*** Opening of Listed records ***

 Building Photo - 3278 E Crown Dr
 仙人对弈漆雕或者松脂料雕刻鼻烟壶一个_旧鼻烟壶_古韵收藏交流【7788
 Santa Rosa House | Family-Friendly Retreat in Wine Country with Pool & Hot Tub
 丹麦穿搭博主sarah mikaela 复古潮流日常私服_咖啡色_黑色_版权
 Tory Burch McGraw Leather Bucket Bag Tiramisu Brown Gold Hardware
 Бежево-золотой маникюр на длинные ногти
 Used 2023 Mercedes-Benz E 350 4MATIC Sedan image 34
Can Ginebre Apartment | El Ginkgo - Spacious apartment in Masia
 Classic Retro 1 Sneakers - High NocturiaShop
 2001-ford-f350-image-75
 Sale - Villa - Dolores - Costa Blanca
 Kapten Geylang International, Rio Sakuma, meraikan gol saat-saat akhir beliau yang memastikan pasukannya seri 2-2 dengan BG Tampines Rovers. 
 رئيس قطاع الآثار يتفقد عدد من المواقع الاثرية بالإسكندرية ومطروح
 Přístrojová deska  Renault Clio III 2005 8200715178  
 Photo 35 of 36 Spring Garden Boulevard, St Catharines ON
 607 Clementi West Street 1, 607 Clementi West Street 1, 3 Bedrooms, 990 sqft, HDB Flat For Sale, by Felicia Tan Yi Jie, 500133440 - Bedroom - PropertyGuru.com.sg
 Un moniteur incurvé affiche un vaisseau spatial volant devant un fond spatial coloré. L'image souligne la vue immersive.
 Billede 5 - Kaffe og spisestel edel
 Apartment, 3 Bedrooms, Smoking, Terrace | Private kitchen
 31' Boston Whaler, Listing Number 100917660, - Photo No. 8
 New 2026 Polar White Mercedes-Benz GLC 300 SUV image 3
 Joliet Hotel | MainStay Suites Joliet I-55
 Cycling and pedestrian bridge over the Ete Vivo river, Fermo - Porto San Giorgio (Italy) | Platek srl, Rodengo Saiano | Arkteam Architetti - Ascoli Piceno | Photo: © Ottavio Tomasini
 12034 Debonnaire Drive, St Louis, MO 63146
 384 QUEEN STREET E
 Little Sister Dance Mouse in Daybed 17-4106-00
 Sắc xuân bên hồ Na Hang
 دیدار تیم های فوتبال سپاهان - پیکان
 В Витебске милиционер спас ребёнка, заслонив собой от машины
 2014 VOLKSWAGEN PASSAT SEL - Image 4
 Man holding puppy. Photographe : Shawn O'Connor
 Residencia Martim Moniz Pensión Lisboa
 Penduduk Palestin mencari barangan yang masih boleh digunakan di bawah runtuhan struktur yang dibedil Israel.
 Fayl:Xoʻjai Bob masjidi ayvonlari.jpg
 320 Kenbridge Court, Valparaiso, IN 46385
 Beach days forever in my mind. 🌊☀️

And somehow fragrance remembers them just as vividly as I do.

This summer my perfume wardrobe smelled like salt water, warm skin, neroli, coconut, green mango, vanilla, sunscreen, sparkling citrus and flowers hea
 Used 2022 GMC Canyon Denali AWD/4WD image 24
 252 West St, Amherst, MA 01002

*** Close of Listed records ***

Directions for this task: The lines from the top of the data above down to the line containing "Can Ginebre Apartment" are to be copied exactly; no other line should appear.

Answer area:
 Building Photo - 3278 E Crown Dr
 仙人对弈漆雕或者松脂料雕刻鼻烟壶一个_旧鼻烟壶_古韵收藏交流【7788
 Santa Rosa House | Family-Friendly Retreat in Wine Country with Pool & Hot Tub
 丹麦穿搭博主sarah mikaela 复古潮流日常私服_咖啡色_黑色_版权
 Tory Burch McGraw Leather Bucket Bag Tiramisu Brown Gold Hardware
 Бежево-золотой маникюр на длинные ногти
 Used 2023 Mercedes-Benz E 350 4MATIC Sedan image 34
Can Ginebre Apartment | El Ginkgo - Spacious apartment in Masia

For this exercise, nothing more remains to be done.